# Vespa Benchmarking

 

Benchmarking a Vespa application is essential to get an idea of how well the test configuration performs. Thus, benchmarking is an essential part of sizing a search cluster itself. Benchmarking a cluster can answer the following questions:

- What throughput and latency to expect from a search node?
- Which resource is the bottleneck in the system?

These in turn indirectly answers other questions such as how many nodes are needed, and if it will help to upgrade disk or CPU. Thus, benchmarking will help in finding the optimal Vespa configuration, using all resources optimally, which in turn lowers costs.

A good rule is to benchmark whenever the workload changes.
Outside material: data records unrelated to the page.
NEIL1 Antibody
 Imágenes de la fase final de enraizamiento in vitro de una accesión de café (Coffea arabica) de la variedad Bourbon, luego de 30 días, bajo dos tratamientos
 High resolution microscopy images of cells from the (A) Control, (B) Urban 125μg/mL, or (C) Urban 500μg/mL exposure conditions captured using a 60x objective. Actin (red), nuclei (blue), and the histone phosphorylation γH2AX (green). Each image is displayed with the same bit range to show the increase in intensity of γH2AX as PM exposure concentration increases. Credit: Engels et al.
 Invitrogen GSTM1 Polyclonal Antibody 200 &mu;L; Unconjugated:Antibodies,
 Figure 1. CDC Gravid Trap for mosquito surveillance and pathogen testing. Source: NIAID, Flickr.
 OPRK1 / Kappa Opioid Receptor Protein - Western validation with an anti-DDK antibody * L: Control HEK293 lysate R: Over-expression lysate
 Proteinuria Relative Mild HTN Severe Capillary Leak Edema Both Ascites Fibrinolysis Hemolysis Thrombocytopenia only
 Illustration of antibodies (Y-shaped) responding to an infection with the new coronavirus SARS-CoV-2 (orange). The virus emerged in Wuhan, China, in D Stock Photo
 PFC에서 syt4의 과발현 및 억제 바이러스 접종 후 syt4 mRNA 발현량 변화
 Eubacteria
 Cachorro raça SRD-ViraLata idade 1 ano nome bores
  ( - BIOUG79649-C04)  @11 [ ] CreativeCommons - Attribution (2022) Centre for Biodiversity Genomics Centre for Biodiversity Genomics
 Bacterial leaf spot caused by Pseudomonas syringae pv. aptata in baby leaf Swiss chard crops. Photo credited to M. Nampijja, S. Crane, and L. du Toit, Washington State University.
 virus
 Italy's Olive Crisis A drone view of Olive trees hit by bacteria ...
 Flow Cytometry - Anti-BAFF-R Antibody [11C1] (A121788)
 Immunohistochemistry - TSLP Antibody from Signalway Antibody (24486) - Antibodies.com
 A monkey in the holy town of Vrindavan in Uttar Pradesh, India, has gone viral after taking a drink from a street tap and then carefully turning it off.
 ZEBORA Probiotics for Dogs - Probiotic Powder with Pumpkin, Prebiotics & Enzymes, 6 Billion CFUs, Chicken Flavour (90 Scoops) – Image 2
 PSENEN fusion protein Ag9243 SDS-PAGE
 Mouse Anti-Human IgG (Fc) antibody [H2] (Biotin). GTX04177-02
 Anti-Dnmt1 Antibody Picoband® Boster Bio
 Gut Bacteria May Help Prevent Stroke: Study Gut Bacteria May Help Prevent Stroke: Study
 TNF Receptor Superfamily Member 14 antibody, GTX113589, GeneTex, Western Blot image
Benchmarking should also be done when adding new features to queries.

Having an understanding of the query mix and SLA will help to set the test parameters. Before benchmarking, consider:

- What is the expected query mix? Having a representative query mix to test with is essential in order to get valid results. Splitting up in different types of queries is also a useful way to get an idea of which query classes are resource intensive. 
- What is the expected SLA, both in terms of latency and query throughput? 
- How important is real-time behavior? What is the rate of incoming documents, if any? 
- Timeout, in a benchmarking scenario, is it ok for requests to time out? Default [timeout](/en/reference/query-language-reference.html#timeout) is 500 ms, and [softtimeout](/en/reference/query-api-reference.html#ranking.softtimeout.enable) is enabled. If the full cost of all queries are to be considered: 
  - Disable soft timeout with execution parameter 
    - by a [query profile](../querying/query-profiles.html)
    - by appending: `&ranking.softtimeout.enable=false` to with the [vespa-fbench](#vespa-fbench) `-a` option

  - Set timeout to e.g. 5 seconds 
    - Note that `timeout` in YQL takes precedence
    - Replace timeout in YQL or use the execution parameter [timeout](/en/reference/query-api-reference.html#timeout) as above. 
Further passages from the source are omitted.